Mengenal Cyber Law dan Aturannya
Setiap negara yang memfasilitasi kehidupan bernegara dengan penggunaan sistem elektronik dan internet yang maju, secara tidak langsung perkembangan cyber law di dalamnya turut maju.
Undang-undang yang mengatur mengenai Teknologi Informasi ini di antaranya:
- UU Hak Cipta No.19 Tahun 2002 tentang Hak Cipta
- UU Informasi dan Transaksi Elektronik No. 11 Tahun 2008 tentang Pornografi di Internet, Transaksi di Internet, dan Etika Pengguna Internet
Cyber law atau UU Informasi dan Transaksi Elektronik (UU ITE) disahkan oleh DPR pada tanggal 25 Maret 2008. UU ITE terdiri dari 13 BAB dan 54 pasal yang mengupas secara jelas aturan bermain di dunia maya dan transaksi yang terjadi di dalamnya.
Secara garis besar terdapat lima pembahasan cyber law di setiap negara, yaitu:
- Information security, menyangkut masalah keotentikan pengirim atau penerima dan integritas dari pesan yang mengalir melalui internet, dalam hal ini diatur masalah kerahasiaan dan keabsahan tanda tangan elektronik.
- Online transaction yang meliputi penawaran, jual beli, pembayaran hingga pengiriman barang melalui internet.
- Right in electronic information, mengenai hak cipra dan hak-hak yang muncul bagi pengguna maupun penyedia konten.
- Regulation information content, perangkat hukum yang mengatur sejauh mana konten yang dialirkan melalui internet.
- Regulation online contact, tata krama dalam berkomunikasi dan berbisnis melalui internet termasuk perpajakan, restriksi ekspor-impor kriminalitas dan yurisdiksi hukum.
Sedangkan terkait dengan penentuan hukum yang berlaku, dikenal beberapa asas yang biasa digunakan, di antaranya:
- Subjective territoriality, hal ini menekankan bahwa keberlakuan hukum ditentukan berdasarkan tempat perbuatan yang dilakukan dan penyelesaian tindak pidana dilakukan di negara lain.

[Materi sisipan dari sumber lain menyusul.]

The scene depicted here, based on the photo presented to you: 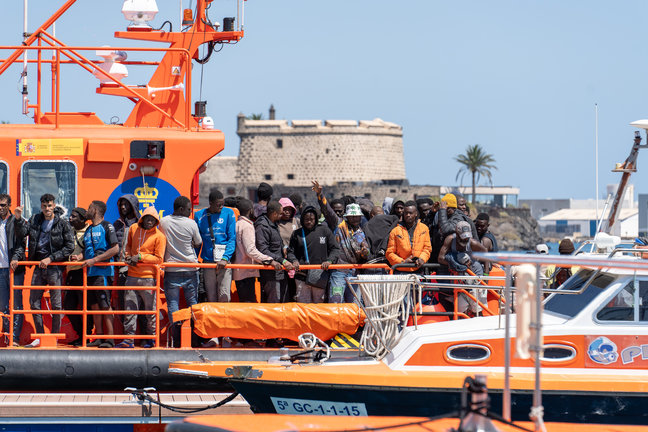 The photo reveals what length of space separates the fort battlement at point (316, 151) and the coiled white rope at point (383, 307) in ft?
270

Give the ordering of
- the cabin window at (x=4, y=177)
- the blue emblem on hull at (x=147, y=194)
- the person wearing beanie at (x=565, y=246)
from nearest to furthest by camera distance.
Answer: the cabin window at (x=4, y=177) → the blue emblem on hull at (x=147, y=194) → the person wearing beanie at (x=565, y=246)

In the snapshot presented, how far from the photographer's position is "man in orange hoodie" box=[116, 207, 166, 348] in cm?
923

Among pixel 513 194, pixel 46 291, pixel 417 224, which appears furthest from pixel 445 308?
pixel 513 194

- Objective territoriality, menyatakan bahwa hukum yang berlaku adalah hukum akibat sebuah perbuatan terjadi dan memberikan dampak yang sangat merugikan bagi negara yang bersangkutan.

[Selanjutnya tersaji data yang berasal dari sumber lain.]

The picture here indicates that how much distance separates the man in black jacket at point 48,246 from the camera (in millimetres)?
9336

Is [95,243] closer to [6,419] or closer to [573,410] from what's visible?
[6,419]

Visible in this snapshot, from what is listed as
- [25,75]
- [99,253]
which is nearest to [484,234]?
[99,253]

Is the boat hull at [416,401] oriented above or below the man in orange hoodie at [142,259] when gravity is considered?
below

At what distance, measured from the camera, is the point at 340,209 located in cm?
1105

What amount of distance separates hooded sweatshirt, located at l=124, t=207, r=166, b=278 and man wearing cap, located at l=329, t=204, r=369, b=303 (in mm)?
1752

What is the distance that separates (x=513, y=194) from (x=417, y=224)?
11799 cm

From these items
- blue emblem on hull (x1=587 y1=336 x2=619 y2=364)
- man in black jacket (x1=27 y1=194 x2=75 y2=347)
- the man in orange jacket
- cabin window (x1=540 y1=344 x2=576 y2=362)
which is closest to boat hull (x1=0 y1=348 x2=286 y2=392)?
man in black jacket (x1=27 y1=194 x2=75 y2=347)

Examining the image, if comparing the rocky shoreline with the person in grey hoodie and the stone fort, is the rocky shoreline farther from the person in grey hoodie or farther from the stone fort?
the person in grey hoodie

- Nationality, menentukan bahwa negara mempunyai yurisdiksi untuk menentukan hukum berdasarkan kewarganegaraan pelaku.
- Passive nationality, menekankan yurisdiksi berdasarkan kewarganegaraan korban.
- Protective principle, menyatakan berlakunya hukum didasarkan atas keinginan negara untuk melindungi kepentingan negara dari kejahatan yang dilakukan di luar wilayahnya yang umumnya dihunakan jika korban adalah negara atau pemerintah.
- Universality, asas ini memperoleh perhatian khusus terkait dengan penanganan hukum kasus-kasus cyber. Asas ini menentukan bahwa setiap negara berhak menangkap dan menghukum para pelaku pembajakan, lalu kemudian asas ini diperluas hingga mencakup kejahatan terhadap kemanusiaan dan terus dikembangkan untuk kejahatan sangat serius berdasarkan perkembangan hukum internasional.
Contoh Kasus Yang Berkaitan Dengan Cyberlaw
Contoh kasus dalam kejahatan cyber adalah kasus yang dialami oleh Wakil Ketua MPR periode 2009-2014 Lukman Hakim Saifuddin, di mana e-mail beliau dibajak oleh seseorang untuk mendapatkan kepentingan dengan sejumlah uang dengan mengirimkan surat kepada kontak-kontak yang ada di e-mail milik beliau.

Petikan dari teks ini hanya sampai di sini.